While most millennials don’t identify as Republicans, some do. And their reasons can range for that decision. But the slice of the population that is Republican is becoming smaller and less representative of the country. That is especially true for young Republicans. They identify as conservative but are increasingly partisans first. They are tribal in their political orientations–those firebreathers that mistake election opponents for enemies.
There have always been partisans. Many are just snake oil salesman playing out their scheme until they have to move on to the next place. The next place is always whatever issue the partisans try to sell or scare the public with.
Today, it’s transgender people using bathrooms. Yesterday, it was an Ebola scare. Tomorrow, a controversy surrounding the hijab. And don’t forget seasonal specials like the War on Christmas.
On larger issues, deny, obfuscate, and obstruct have become the modus operandi (see climate change, corporate welfare, and Merrick Garland, respectively). The Republican partisans spit out press releases that amount to word salad. If you’ve never had the pleasure of reading one from a young Republican operative, it’s a nice combination of talking points chopped up, mixed together, and that come close to a semblance of coherence only on occasion. Donald Trump as a written statement. Those statements come from and are echoed in insulated environments. It’s a game of telephone and the mutations are taken as truths. It’s crazy taken as serious. Pseudo-intellectual as intelligent. And the only thing that matters is whether it’s coming from us or them. And as such, those environments can be vile with just the mention of certain names. I hate Hillary, I don’t know why, but I hate her.

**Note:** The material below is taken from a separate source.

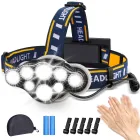 Linterna Frontal LED Recargable E Hyted, 18000 Lúmenes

And more and more often, this is the Republican approach to politics. It’s a decidedly unserious approach to governance.
The contortions that Marco Rubio goes through to reach his support for Donald Trump would be impressive if they weren’t so sad. Even after calling Trump “a con man” and fairly questioning his temperament to handle the nuclear arsenal, Rubio has decided the man with the R next to it, regardless of the implications, deserves his support. Regardless of the implications. Repeating that several more times Rubio-style still could not drive home the absurdity of it all. The methodical process that Paul Ryan takes to reach an illogical solution is absurdity dressed up as deliberation and thoughtfulness, but the tribe has spoken. Long live the craziness.
Repeating talking points and finding tribal reasoning to support a decidedly unfit presidential candidate aren’t just domain of Marco Rubio and Paul Ryan though. They are the more high-profile examples like a gentleman from La Mancha. They are the younger generation of Republicans.
Welcome to the Quixote generation of Republicans–bereft of ideas, leadership, and common sense–just fighting windmills.